Hmm.
I was driving home from class today and my car kept wanting to swerve in the rain.
So I was like no hydroplaning for you and just got in the right lane and went 40 miles per hour on 38.
About when I got to the McDonalds in Cherry Hill the car decides to defy me.
All of a sudden it jerks left.
I'm not sure why, but I didn't panic.
I didn't even change my dull apathetic facial expression.
The car is almost facing the entirely wrong direction, maybe 120 degrees to the left so far.
Knowing Rt 38 is crowded and traffic might not stop for me I act quickly and cut the wheel.
I've cut the wheel and the car is evening out.
The cars now facing the right way of the street.
The wheel no longer needs to be cut to the right.
The car continues to spin.
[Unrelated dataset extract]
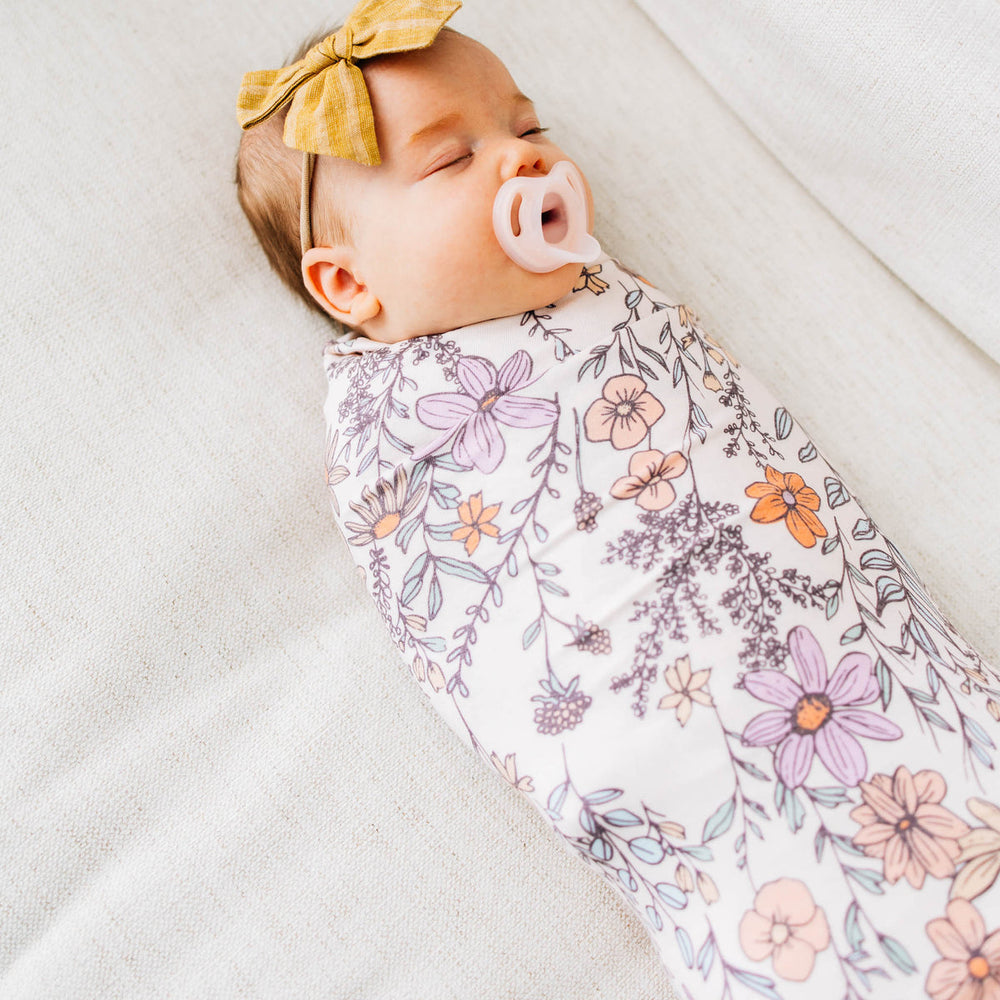 Printed Knit Swaddle Blanket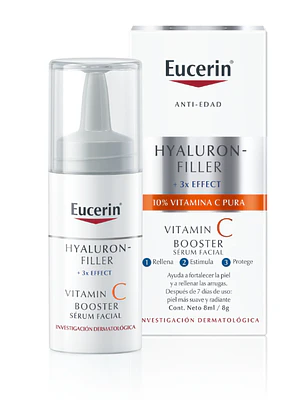 Eucerin Anti-edad Hyaluron-filler 3x effect Vitamina C Booster sérum facial 8 ml.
This time to the right.
It goes beyond the 180 degree mark to about 200 before it stops.
My face still blank, my mind still empty; I gaze forward.
I see a truck coming at me.
And my car is mostly facing him, turned to slightly expose the driver side.
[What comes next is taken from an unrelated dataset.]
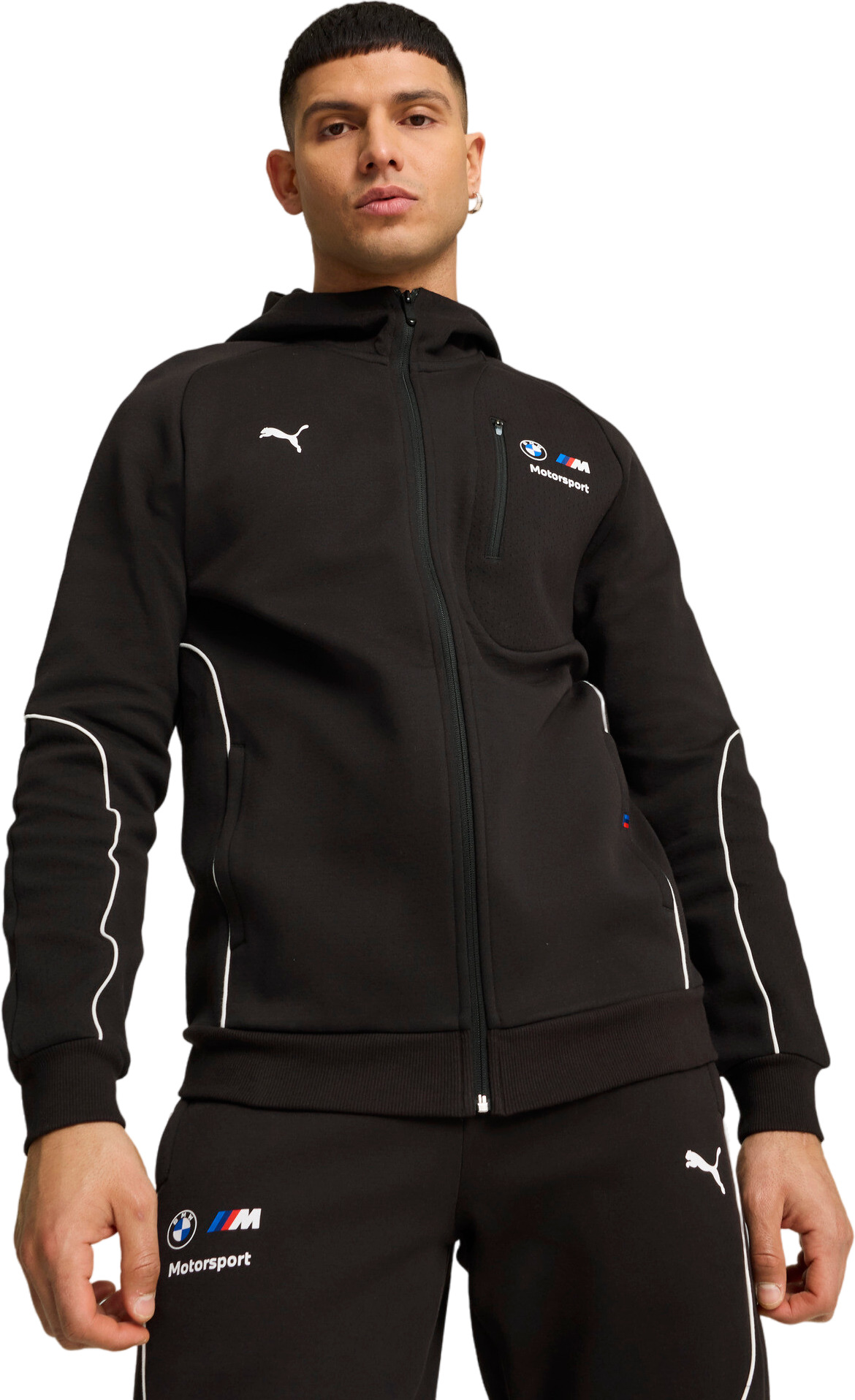 

Толстовка мужская PUMA BMW MMS SWEAT JKT черная M, Черный, BMW MMS SWEAT JKT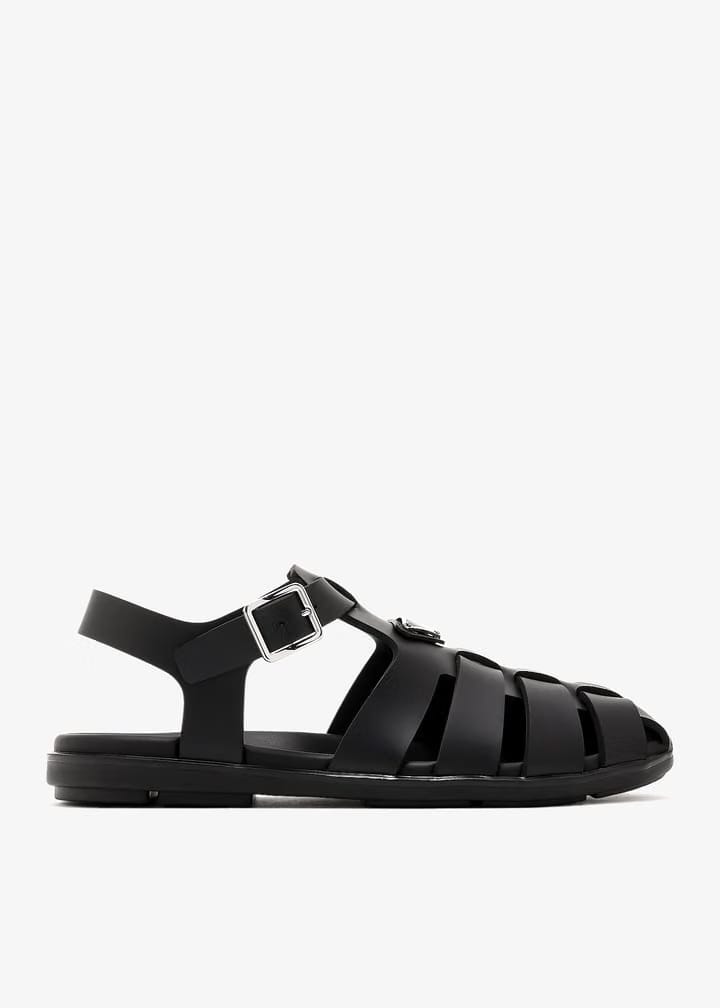 Prada Rubber fisherman sandals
Surely this was gonna be where it ends.
I always wondered if those stories were true.
Those tales of when you were about to die you remember your life in flashbacks.
They weren't.
I just stared at the truck blankly.
Too apathetic to even change the dull expression on my face.
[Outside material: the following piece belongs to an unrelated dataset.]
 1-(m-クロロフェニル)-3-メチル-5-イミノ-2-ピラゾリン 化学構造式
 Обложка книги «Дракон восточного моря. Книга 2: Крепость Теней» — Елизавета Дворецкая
And I said something out loud.
I muttered in a low voice.
In the most MONOTONE voice possible.
I calmly said 'oh fuck.'
So here I was ready to die.
And I couldn't give the slightest care.
There was no fear.
No thought of anything I could miss.
No desires.
I just sat there and waited.
Not frozen in panic, but just apathetic.
The truck managed to come to a stop a little in front of me.
No harm, no foul.
I held my blank expression on my face.
Turned on my left turn signal.
And pulled into the McDonald's parking lot to turn back around.
I don't know what it is.
I'm not scared of alot of things anymore.
I don't get butterflies in my belly anymore.
I don't even really like anyone anymore.
It's like I've been dead inside for almost two years now.
But it's different.
I'm not sad.
I'm not depressed.
I just don't really feel strongly towards anything anymore.
I used to be scared of bridges.
I couldn't care less anymore.
I used to always get that tingle in my tummy.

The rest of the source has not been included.